Asia is the dominant force in global stablecoin flows, accounting for approximately 60% of the total volume, which translates to about $245 billion in payments sent from the region. Despite this massive demand, only an estimated 1% of local banks support stablecoin rails, creating severe fragmentation and liquidity challenges across the roughly 150 local currencies in the market.
Stables positions itself as an API-first orchestration layer, integrating compliance, banking access, and stablecoin conversion into a single interface for fintechs. The company reports processing over $1.5 billion in annualized payment volume and holds regulatory licenses in Australia, Europe, and Canada as a digital currency exchange, virtual asset service provider (VASP), and money-services business. Its services include identity verification, sanctions screening, and travel-rule compliance.
Mansa's role is to supply the "settlement-time liquidity infrastructure." The company will inject short-term capital to ensure Stables' on-ramps and off-ramps remain operational during market volatility, replacing static prefunding models with on-demand, stablecoin-backed credit. Since its launch in August 2024, Mansa has processed $394 million across more than 40 currency corridors.
"Stables has built exactly what Asia’s stablecoin market has been missing – a compliance-first API that works across 150 currencies," said Mouloukou Sanoh, co-founder and CEO of Mansa. He added that as institutions shift to stablecoin payments, "that kind of infrastructure becomes essential" and highlighted Mansa's role as "the liquidity behind it – making sure the capital is there when the volume shows up."

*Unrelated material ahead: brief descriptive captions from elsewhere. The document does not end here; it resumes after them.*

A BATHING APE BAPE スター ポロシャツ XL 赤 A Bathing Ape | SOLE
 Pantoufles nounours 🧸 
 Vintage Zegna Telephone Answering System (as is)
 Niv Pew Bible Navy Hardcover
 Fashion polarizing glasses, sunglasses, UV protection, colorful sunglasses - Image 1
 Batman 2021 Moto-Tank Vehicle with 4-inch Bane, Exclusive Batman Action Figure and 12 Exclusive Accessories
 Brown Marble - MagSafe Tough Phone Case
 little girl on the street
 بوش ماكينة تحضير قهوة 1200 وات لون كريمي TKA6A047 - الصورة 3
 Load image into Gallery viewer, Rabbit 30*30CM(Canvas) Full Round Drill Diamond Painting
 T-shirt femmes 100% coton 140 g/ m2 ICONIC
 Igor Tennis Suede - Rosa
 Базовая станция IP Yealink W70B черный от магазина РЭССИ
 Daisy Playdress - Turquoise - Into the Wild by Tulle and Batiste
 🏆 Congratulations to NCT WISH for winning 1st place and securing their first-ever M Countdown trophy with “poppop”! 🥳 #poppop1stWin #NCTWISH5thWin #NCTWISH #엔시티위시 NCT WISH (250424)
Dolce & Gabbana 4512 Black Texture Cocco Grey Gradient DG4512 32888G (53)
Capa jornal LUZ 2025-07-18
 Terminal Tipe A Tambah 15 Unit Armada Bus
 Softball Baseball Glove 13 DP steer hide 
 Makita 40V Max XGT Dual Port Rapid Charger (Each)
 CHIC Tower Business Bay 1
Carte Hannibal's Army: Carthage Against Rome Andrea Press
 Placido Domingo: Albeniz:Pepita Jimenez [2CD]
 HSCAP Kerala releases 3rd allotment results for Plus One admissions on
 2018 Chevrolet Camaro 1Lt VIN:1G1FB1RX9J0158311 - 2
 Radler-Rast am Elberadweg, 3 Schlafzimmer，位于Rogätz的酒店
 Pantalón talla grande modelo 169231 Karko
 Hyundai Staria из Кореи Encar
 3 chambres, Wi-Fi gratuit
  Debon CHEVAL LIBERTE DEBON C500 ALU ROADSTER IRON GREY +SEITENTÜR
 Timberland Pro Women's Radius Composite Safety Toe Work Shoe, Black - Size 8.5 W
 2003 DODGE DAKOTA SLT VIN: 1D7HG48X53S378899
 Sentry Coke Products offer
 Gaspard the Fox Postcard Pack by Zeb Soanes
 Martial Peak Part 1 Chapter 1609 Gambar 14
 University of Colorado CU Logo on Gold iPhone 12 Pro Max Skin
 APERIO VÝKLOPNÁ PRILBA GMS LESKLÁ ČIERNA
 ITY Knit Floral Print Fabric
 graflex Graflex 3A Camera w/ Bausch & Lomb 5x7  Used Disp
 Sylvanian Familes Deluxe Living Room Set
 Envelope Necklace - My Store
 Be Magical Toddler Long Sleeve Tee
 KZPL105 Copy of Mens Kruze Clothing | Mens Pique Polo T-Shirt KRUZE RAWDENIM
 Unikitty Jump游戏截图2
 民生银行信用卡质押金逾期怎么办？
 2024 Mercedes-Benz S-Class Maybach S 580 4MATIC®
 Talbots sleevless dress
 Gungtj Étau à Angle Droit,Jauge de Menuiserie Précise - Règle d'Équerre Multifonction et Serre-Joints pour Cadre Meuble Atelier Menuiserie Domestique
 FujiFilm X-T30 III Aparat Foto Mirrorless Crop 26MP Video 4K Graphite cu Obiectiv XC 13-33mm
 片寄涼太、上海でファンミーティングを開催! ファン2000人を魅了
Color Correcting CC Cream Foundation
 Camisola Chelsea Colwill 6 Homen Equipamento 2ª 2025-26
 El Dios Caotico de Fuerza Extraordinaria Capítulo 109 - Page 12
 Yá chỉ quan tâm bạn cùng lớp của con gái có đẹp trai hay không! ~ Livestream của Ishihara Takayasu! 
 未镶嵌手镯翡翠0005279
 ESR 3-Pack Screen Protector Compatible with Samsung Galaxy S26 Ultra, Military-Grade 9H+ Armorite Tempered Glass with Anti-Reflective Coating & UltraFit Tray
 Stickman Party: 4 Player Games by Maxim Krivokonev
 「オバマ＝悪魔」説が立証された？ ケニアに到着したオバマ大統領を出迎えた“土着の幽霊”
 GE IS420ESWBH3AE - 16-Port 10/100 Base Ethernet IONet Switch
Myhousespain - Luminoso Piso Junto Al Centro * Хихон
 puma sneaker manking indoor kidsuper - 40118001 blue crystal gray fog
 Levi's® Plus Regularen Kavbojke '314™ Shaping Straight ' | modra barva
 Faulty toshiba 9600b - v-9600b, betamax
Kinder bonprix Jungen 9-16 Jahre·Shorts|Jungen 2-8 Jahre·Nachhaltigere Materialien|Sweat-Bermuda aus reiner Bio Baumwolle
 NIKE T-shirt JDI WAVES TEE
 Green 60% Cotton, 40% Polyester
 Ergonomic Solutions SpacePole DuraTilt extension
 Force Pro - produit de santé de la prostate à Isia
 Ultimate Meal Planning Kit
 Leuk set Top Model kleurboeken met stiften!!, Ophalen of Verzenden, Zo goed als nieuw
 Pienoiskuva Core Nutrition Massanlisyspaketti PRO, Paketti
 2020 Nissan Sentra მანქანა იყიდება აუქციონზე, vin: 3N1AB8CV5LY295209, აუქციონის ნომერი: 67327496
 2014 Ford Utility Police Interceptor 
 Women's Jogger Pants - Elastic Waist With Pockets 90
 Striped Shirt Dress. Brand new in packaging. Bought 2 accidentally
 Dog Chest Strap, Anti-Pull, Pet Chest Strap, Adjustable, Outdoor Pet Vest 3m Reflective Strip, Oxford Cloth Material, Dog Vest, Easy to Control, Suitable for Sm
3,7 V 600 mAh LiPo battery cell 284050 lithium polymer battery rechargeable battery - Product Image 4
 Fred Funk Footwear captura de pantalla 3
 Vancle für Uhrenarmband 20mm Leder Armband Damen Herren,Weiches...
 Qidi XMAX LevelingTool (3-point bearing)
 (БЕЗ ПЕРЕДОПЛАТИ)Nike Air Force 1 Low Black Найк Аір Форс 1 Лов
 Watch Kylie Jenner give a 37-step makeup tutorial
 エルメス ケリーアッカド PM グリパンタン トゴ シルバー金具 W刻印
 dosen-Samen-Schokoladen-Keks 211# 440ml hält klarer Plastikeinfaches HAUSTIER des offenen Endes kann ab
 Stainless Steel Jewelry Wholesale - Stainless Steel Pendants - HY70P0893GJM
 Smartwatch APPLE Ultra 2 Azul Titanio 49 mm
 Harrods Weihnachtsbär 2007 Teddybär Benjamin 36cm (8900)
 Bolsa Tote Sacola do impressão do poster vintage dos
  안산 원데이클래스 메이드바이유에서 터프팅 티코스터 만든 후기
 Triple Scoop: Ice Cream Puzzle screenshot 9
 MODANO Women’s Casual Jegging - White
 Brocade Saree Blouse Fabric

The partnership reflects a broader trend in payment infrastructure toward modular, specialist stacks. Stables' stated ambition is to become "the primary orchestration layer" for the USDT ecosystem in Asia, expanding its corridor network for fintechs and digital banks. The tie-up is designed to close the gap between tokenized dollars and real-economy payments by combining regulated rails with deep liquidity.